Precarização é estar sempre na iminência. A iminência do desequilíbrio, a eminência da ruptura, a eminência do fim de um mundo. Estar sempre na presença da iminência é o roubo do tempo: não há margem de manobra para ninguém, tudo pode acontecer instantaneamente. Os humanos criaram instituições para gerir a sua pertença ao tempo: nascemos e crescemos nos edifícios (institucionais) que os outros criaram, mais tarde podemos dar o nosso contributo para mudar esses edifícios (mas não se muda tudo ao mesmo tempo se queremos continuar a habitar), deixamos aos seguintes uma base onde eles possam continuar a obra, que é humana ao máximo (essa arte de continuar). As instituições permitem que não cheguemos de cada vez ao mundo despidos como se fossemos os primeiros, que nos apoiemos no que outros conquistaram antes de nós. Ora, a precarização é a negação da instituição como forma humana de viver: como estamos sempre ameaçados de que tudo pode ruir, não há maneira de confiar numa certa continuidade que nos poderia dar algum conforto, o que nos dizem é que não podemos deixar nada.
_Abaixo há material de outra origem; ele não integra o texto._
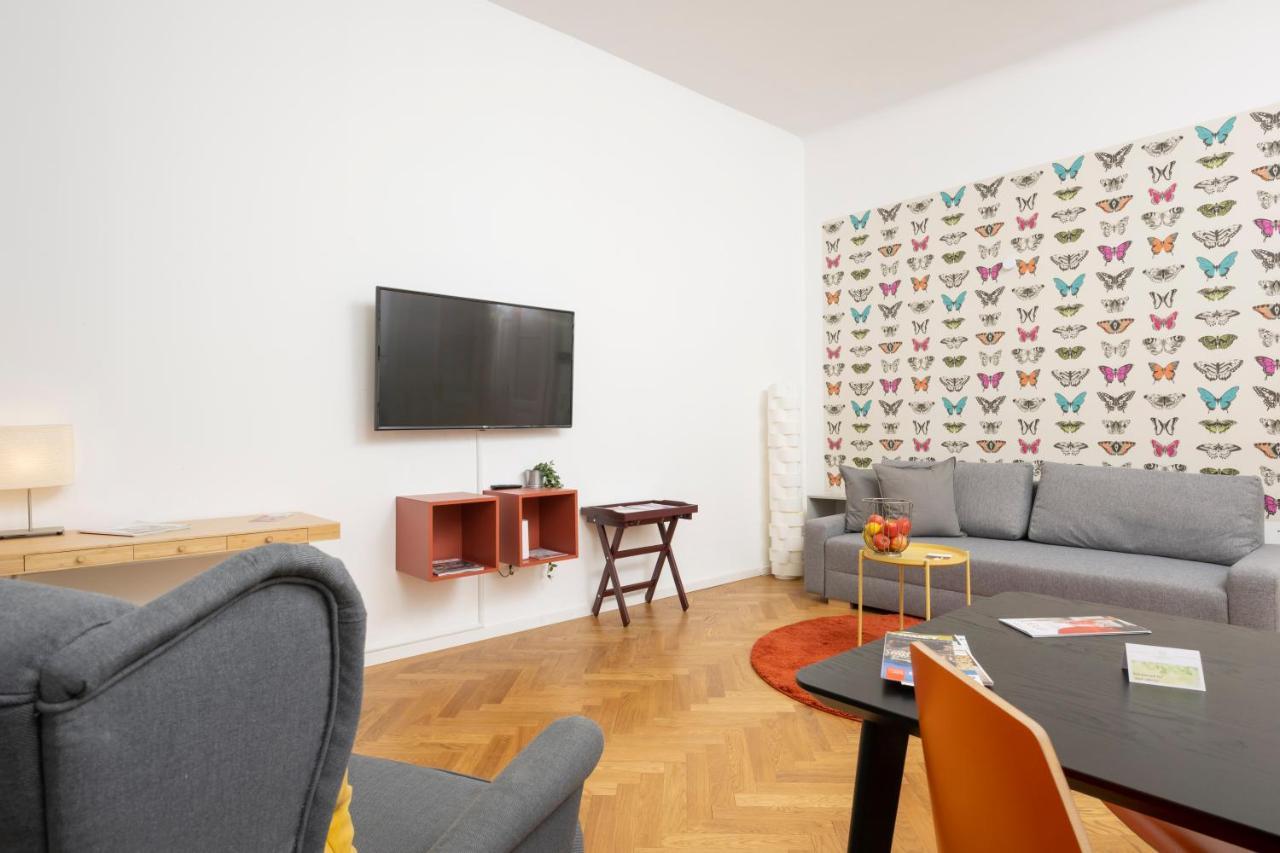 Luxury Suites Liechtenstein Vienna Exterior photo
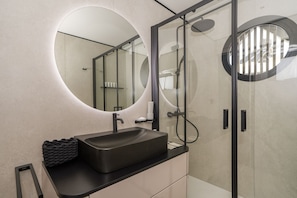 Luxury Suite, Sea View | Bathroom | Slippers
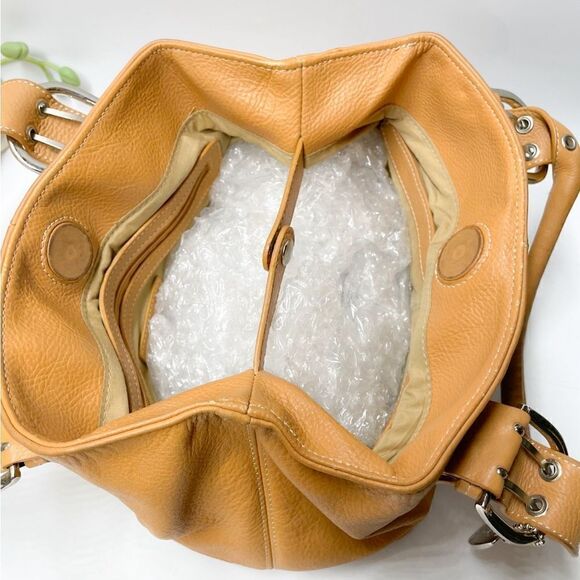 Tignanello Fine Leather Handbag Tan Medium - Picture 9 of 10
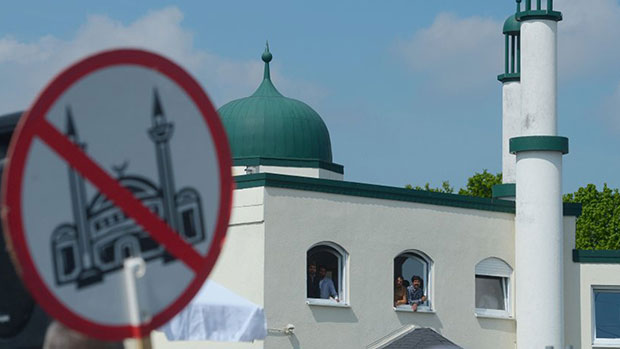 Photo of German Muslim council warns of rise in anti-Islam attacks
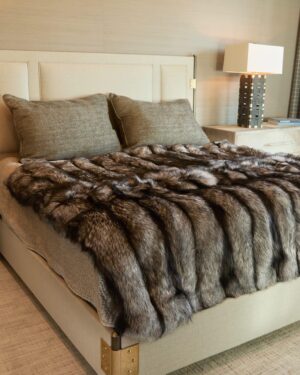 Lacen | Scandinavian Silver Fox Throw - Blanket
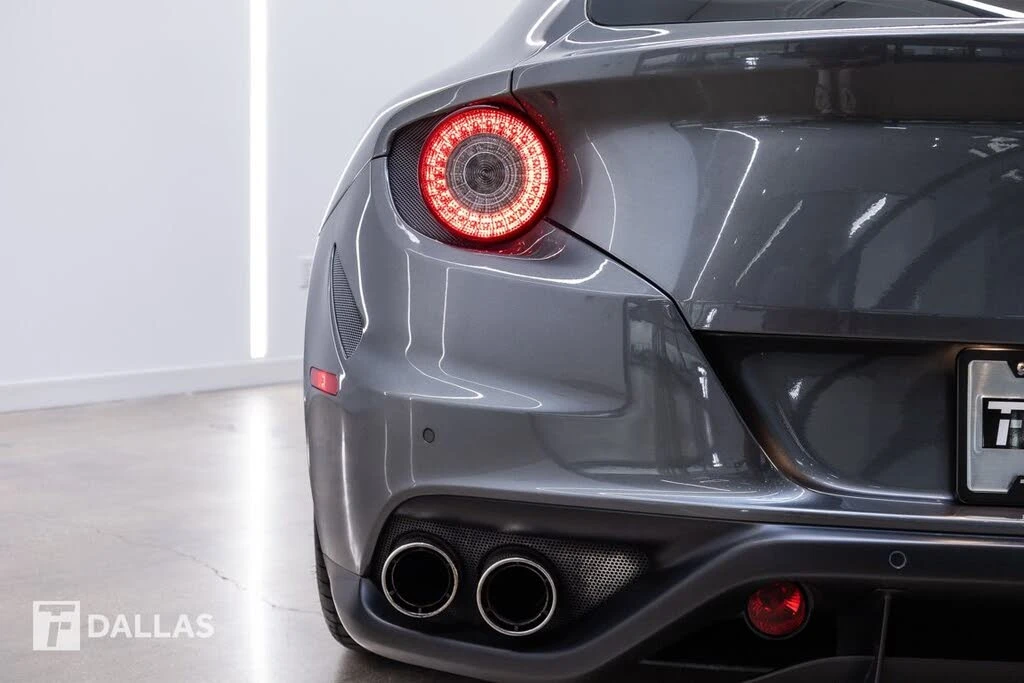 2012 Ferrari FF - Image 11 of 31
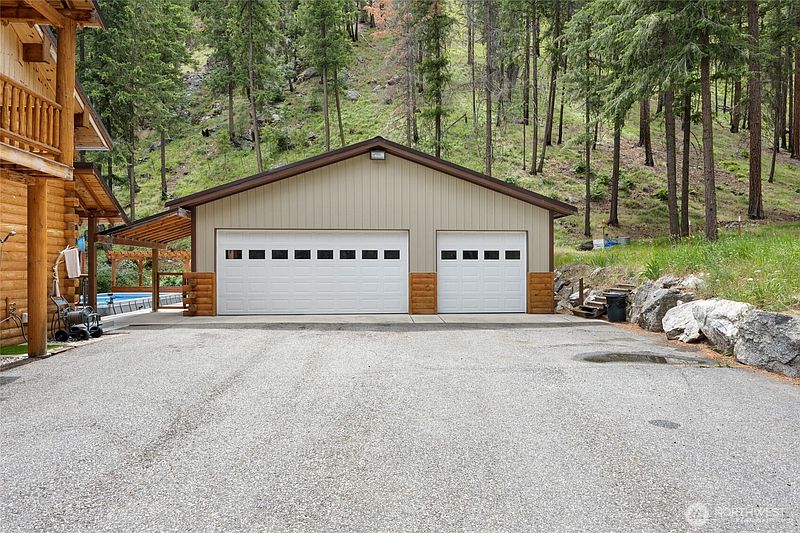 4th image of 11125 Entiat River Road
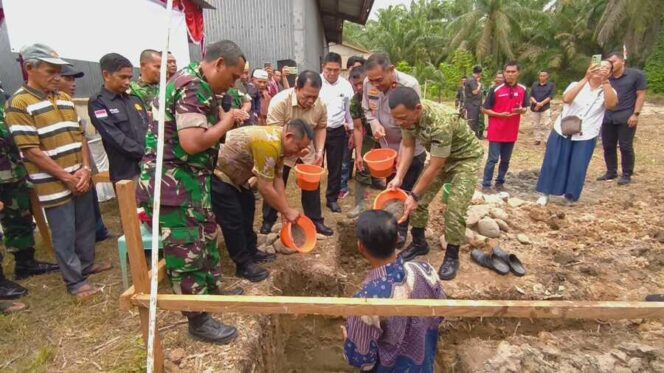 
					Dandim memimpin langsung peletakan batu pertama pembangunan Koperasi Desa/Kelurahan Merah Putih di Desa Tebing Linggahara, Jumat (17/10/2025)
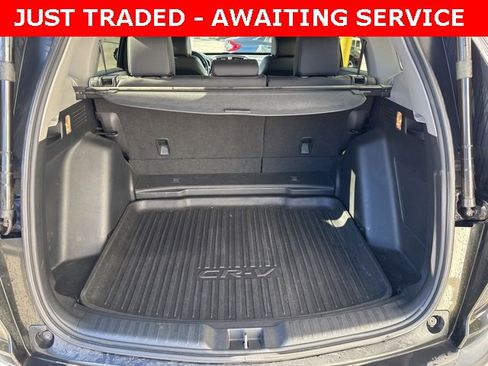 Used 2017 Honda CR-V Touring image 10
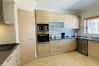 Maison à Albufeira - Santa Maria N | Piscina Comum | 6 Pax | Albufeira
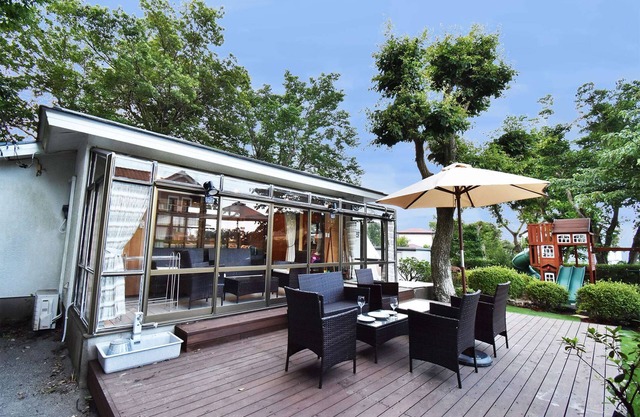 Izu Kogen Ito ·BBQ with pets on the wood deck.Family cottage with hammock slide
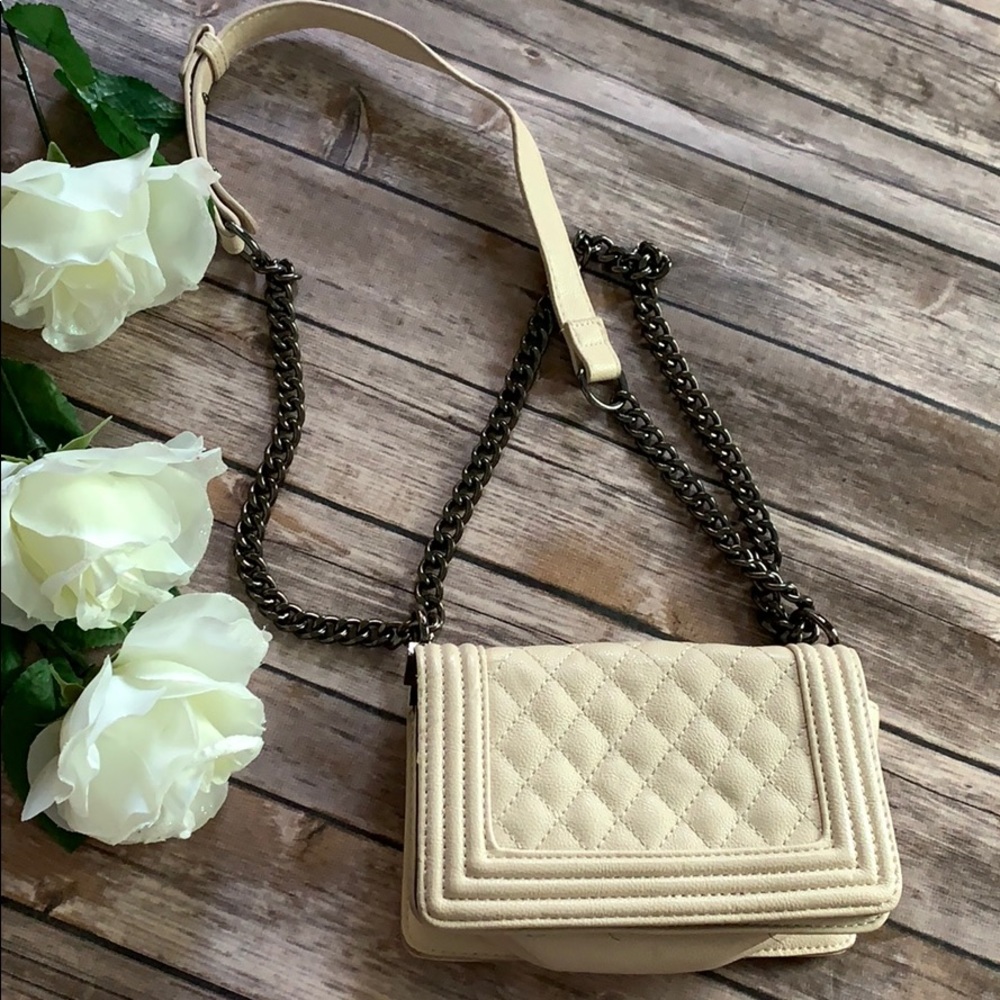 Nude shoulder bag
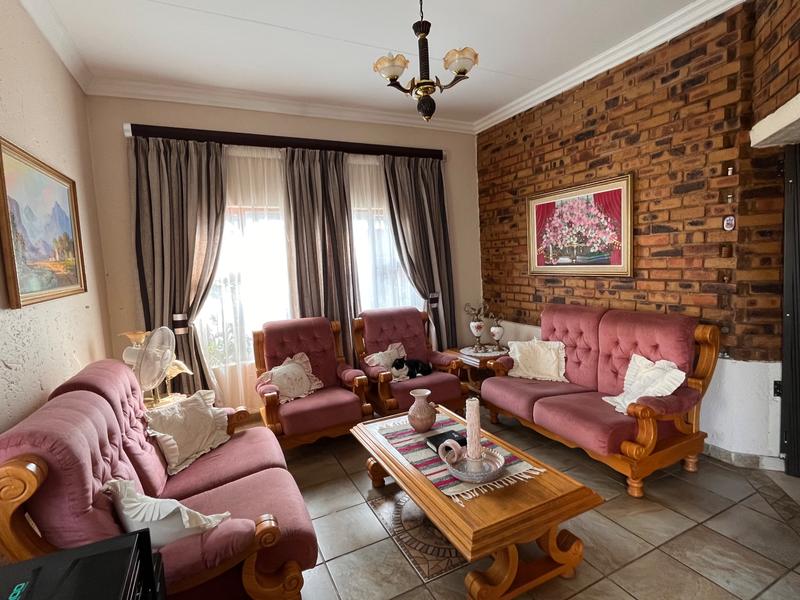 4 Bedroom Property for Sale in Rayton Gauteng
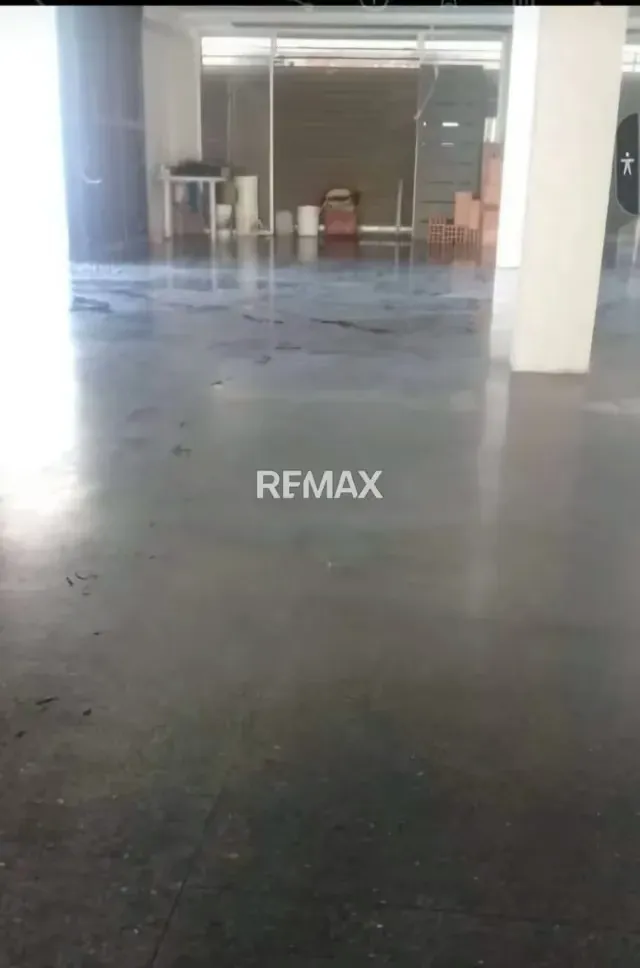 Edificio Comercial en Venta Carrera 19 entre Calles 13 y 14 Zona Este - Barquisimeto - 3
Só podemos entregar tudo, incondicionalmente: e para isso temos de estar completamente desprotegidos.

A nossa desprotecção é o seguro de vida de uma tirania mais ou menos impessoal que destrói a nossa participação cidadã. Um precário tem de pensar na sobrevivência, não pode pensar na vivência. Um precário está sempre sob chantagem, se não está a ser triturado está a caminho de ser triturado. Essa é a condição de suspensão de todos os direitos, o imposto revolucionário que o capitalismo actual nos cobra de armas na mão. A precarização é a selva absoluta, a redução das instituições (essa marca das sociedades humanas) à inoperância ou à mera componente repressiva, a transformação da pessoa numa peça descartável. Mais úteis do que as peças descartáveis, que não têm consciência de serem descartáveis, são as pessoas descartáveis, porque têm consciência de o serem. A precarização, espalhando-se como mancha de óleo, é a negação da humanidade e a redução das pessoas à condição de animais à solta entre outros animais numa selva pós-contemporânea.